A slender young woman admitted to Yale-New Haven Hospital (YNHH) for a bad case of flu is picky about food and finally refuses it altogether. A middle-aged man with pacemaker issues is shaky, perhaps experiencing alcohol withdrawal. An elderly woman who lives alone and is diagnosed with diabetes seems confused and can’t follow instructions on diabetes care.
Each day members of a group called the Behavioral Intervention Team (BIT) huddle with charge nurses on YNHH’s medicine floors to see whether a behavioral issue has become a barrier to receiving what may be lifesaving medical treatment. If there is a behavioral concern, the BIT team will send a provider to evaluate the patient and provide therapy or medication, as well as a referral to continue that treatment at discharge.
While the approach sounds simple, Yale’s BIT has been described as a cutting-edge model, and it has attracted the attention of other medical centers across the country. The difference is that while health care traditionally minimizes the importance of psychiatric care or seeks a psychiatric consultation only in a crisis, BIT members act as partners to medical colleagues to address mental health issues early.
“The whole point of it is to be proactive. We come in and provide proactive advice,” said Kimberly Yonkers, MD, a Yale psychiatrist and member of the team. “Sometimes we can shorten the patient’s length of stay. Sometimes we can save lives.”
The goal is to screen all patients
William Sledge, MD, medical director of the Yale-New Haven Psychiatric Hospital, pioneered the Behavioral Intervention Team in 2010. Now the service provides psychiatrists, nurse practitioners, clinical nurse specialists, and clinical social workers to the entire YNHH medical service, with plans for similar coverage in other inpatient services.
“It’s just common sense for psychiatry to become involved with patients earlier, rather than later,” Dr. Sledge said. “What has come to light in the last decade with a growing drumbeat is that co-occurring mental illness is very prominent in our society. It makes medical care more expensive, and it makes a patient’s ability to recuperate from a medical illness difficult.” In fact, scientific literature shows that patients with psychiatric disorders tend to receive general medical care less often, and when they do receive care, it is often of suboptimal quality. “These patients are more likely to return to the hospital, and return repeatedly,” said Dr. Sledge.
While he is still collecting data to analyze the program’s impact, Dr. Sledge said the team is saving health care dollars by reducing patients’ length of stay; a team implemented at Dartmouth has reported similar results. At Yale, there also have been fewer requests for “patient sitters”—constant companions sometimes assigned to patients who have severe psychiatric issues or are suicidal.

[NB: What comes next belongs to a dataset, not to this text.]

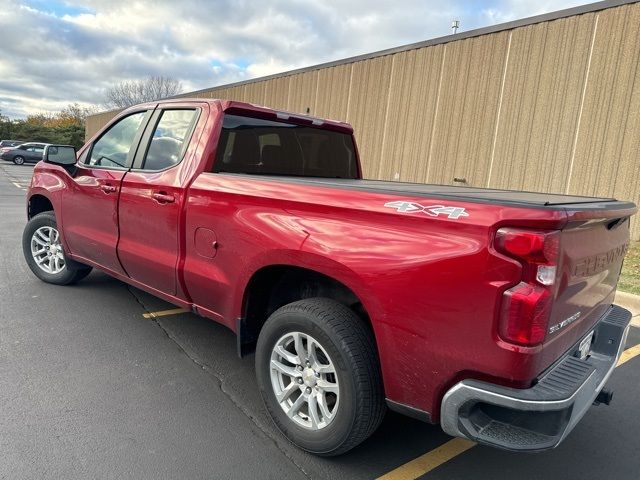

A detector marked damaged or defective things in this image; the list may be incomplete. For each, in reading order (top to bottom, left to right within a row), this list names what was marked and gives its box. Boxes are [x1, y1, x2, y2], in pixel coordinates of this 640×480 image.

Helping with a variety of disorders
Members of the BIT team have treated patients for anxiety, bipolar disorder, delirium, depression, eating disorders, post-traumatic stress syndrome, schizophrenia, and substance abuse, among other psychiatric problems.
“We help in a variety of ways,” said Dr. Sledge. Someone who is mildly depressed might benefit from a single visit from a social worker, while an elderly patient showing serious signs of dementia might be referred to a specialized living facility. “Patients with alcohol-related problems don’t go into withdrawal under our care. We prescribe treatment for them early and quickly. We prescribe medication for people who are depressed. For patients who are loudly distressed, we help them calm down.”
For some people, a visit to the hospital can be a tipping point, said Hochang Lee, M.D., director of the Yale Psychological Medicine Service, who oversees the BIT program at YNHH. For patients with chronic mental illness, “the transition from the community to the hospital can be very daunting. Maybe a patient is already paranoid at baseline. Maybe he hasn’t been taking psychiatric medication properly or he doesn’t understand his mental illness.” Suddenly that patient is in a new environment in which doctors are drawing blood and performing medical procedures. “It’s a scary situation,” Dr. Lee said.
Addressing a widespread problem
The hope is that early intervention will be a successful step toward tackling the problem of mental health in general. About 25 percent of U.S. adults have some sort of mental illness, according to the Centers for Disease Control and Prevention. Several studies have shown that people with severe mental illness live 20 years less than those without because of poorly managed medical problems. “The psychiatric morbidity has a tremendous impact on the medical outcomes in these patients. People who have psychiatric disorders tend to do worse than those who simply have medical diseases,” said Dr. Lee.
It helps that “we can be on top of their care,” Dr. Yonkers said. “We really go the extra mile for people to make sure they get optimal care. We want to be there to make sure their psychiatric needs are met.”